- _Input material_

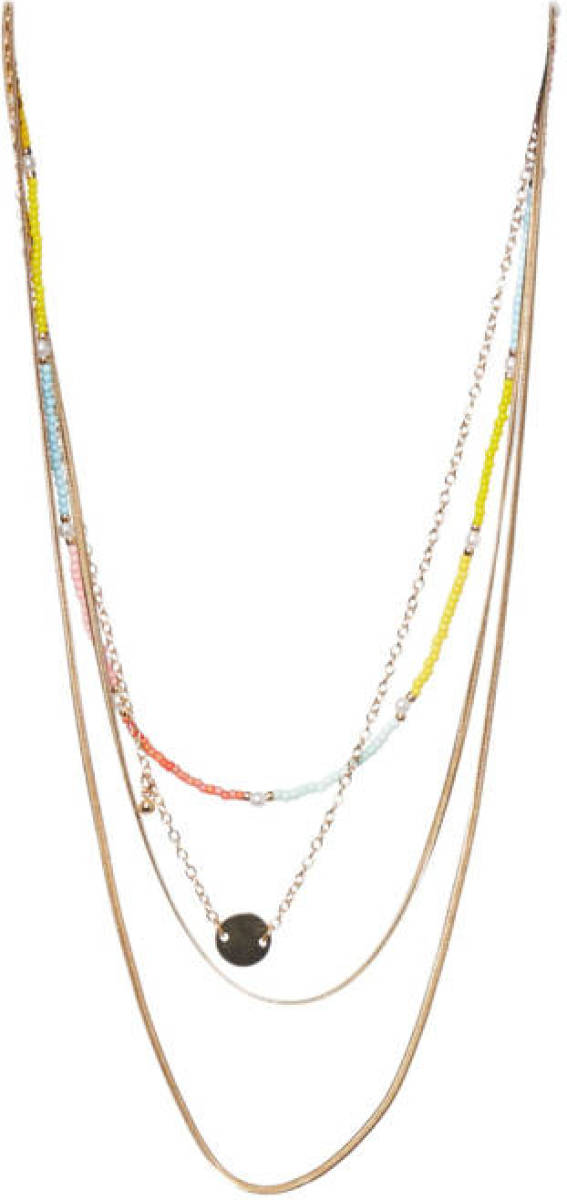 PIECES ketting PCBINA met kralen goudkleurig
---
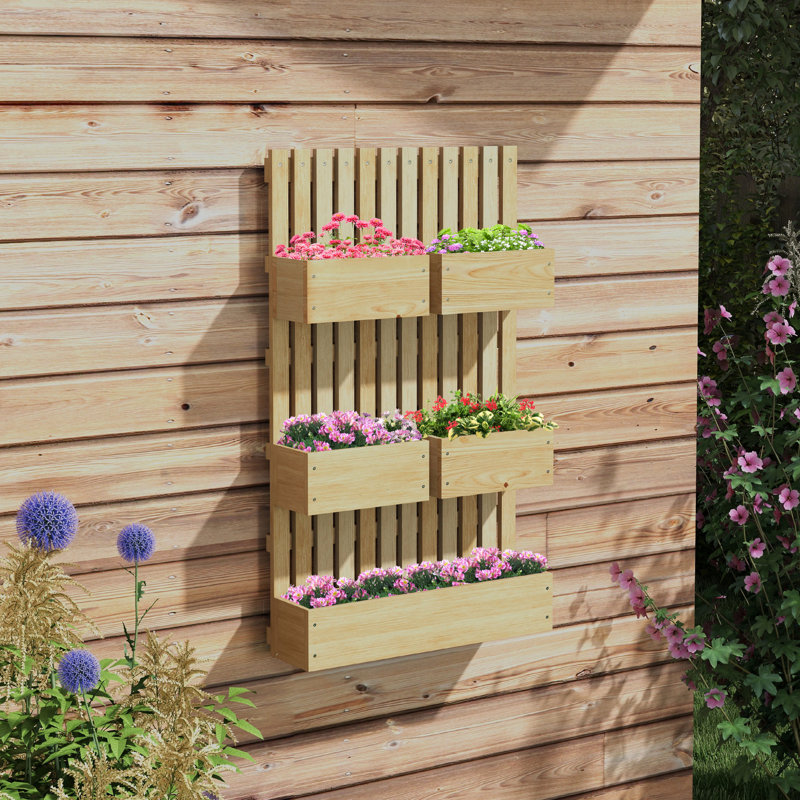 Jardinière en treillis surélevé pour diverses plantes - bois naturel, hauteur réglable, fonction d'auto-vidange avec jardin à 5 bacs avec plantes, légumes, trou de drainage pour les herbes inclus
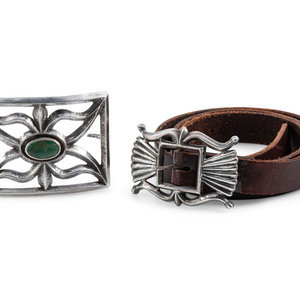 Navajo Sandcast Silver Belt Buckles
--
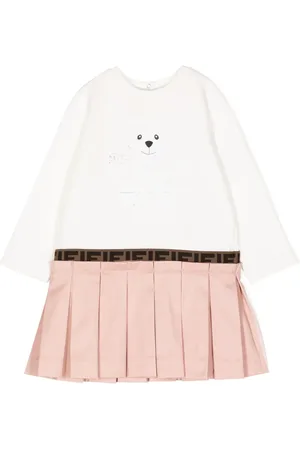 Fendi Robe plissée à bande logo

- _Problem requirements_
Please transcribe exactly the part of the records that opens with the line containing "Jardinière en treillis" and closes with the line containing "Navajo Sandcast Silver Belt Buckles", both ends included, and leave out the pictures.

- _Expected output_
 Jardinière en treillis surélevé pour diverses plantes - bois naturel, hauteur réglable, fonction d'auto-vidange avec jardin à 5 bacs avec plantes, légumes, trou de drainage pour les herbes inclus
 Navajo Sandcast Silver Belt Buckles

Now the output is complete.